By announcing recently that Internet service providers are not legally liable for material their customers place on their webservers, the Singapore government took a giant step towards an open society. I have no idea how much Web surveillance actually happens here or throughout the world, though it seems to me that most of it takes a commercial turn, with merchandisers compiling elaborate profiles, which they then exchange with other commercial and possibly governmental entities.
I also don't have a clear idea of how much surveillance is in fact possible. We all know stories of the Jet Propulsion Lab storing incredible amounts of data sent back by unmanned space vehicles because they don't have capacities to process it. Even given the resources of NSA and the CIA, I wonder much they can accomplish with the vastly larger amounts of data that pour in from spy satellites, web crawlers, and the like. Singapore has only 3 million people, so the task would be easier if one had access to the same resources.
HM: How do you see copyright issues impinging on online publication and scholarship?

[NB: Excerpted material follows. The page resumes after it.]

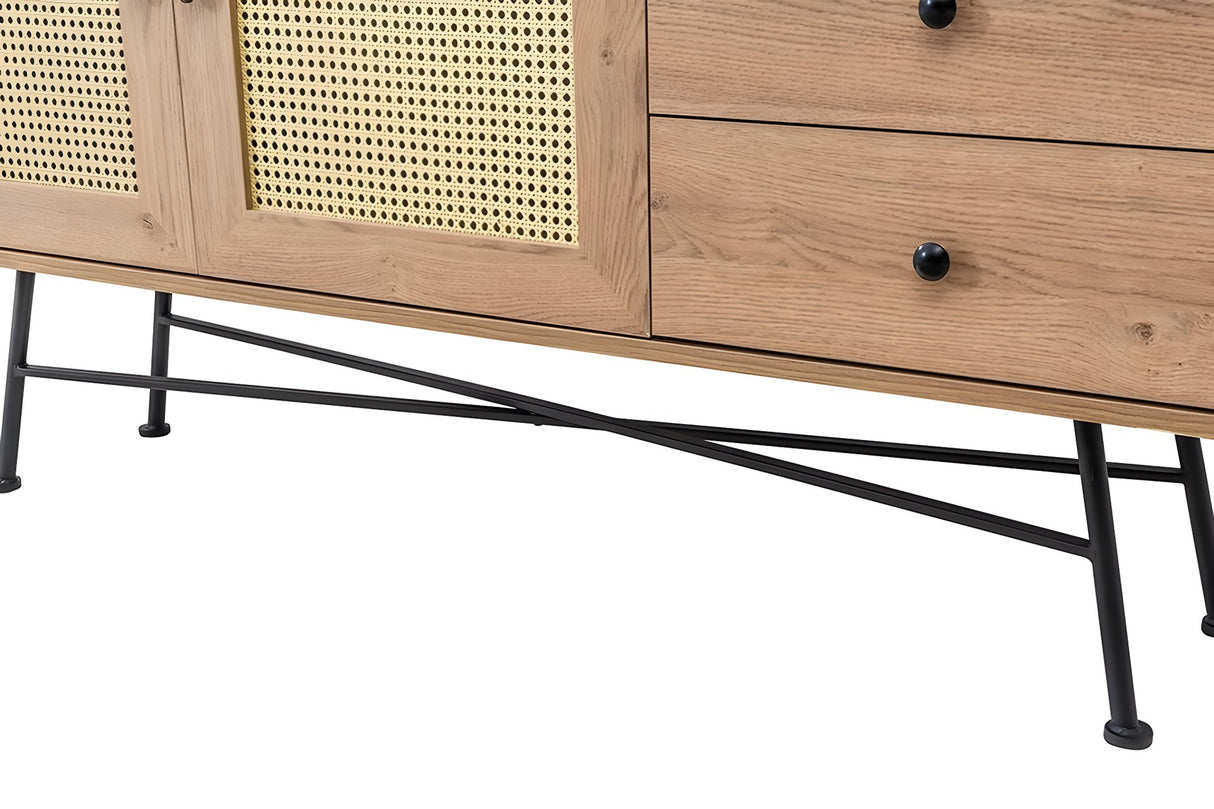Consola Nala 160 Howard, negru - natural, 160x40 cm - Natural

GL: Back somewhere around 1987, the Annenberg/Corporation for Public Broadcasting assembled about a dozen people in Cambridge, Massachusetts, and asked us what would be needed to make hypertext fulfill its potential as an educational and cultural force. Everyone agreed that the hardware and software will take care of themselves; the one factor that we had to work for was a new conception of copyright that involved something like leasing information for a tiny expenditure - Ted Nelson's vision, of course. Since then nothing has changed.
Unfortunately, too many of the judges and lawmakers who consider such issues throughout the world do not understand networked digitech. Worse, not realizing that many of their conceptions of intellectual property are print based, they assume their notions of intellectual property are universal. Of course, as many students of copyright law have pointed out, in the commercial world large corporations protect their ideas by means of secrecy, not copyright.
HM: What are some of the new issues in hypertext? What would you need to cover if you were writing Hypertext. 3.0?
GL: The short answer is that if I knew, I'd be writing Hypertext 3.0 right now. The longer one is that I'd have much more digital fiction, poetry and art to examine, and I'd expect to examine various debates over gender, textual embodiment, and other issues increasingly in contemporary critical theory. Of course, I am particularly eager to see if the promise of XML will be fulfilled.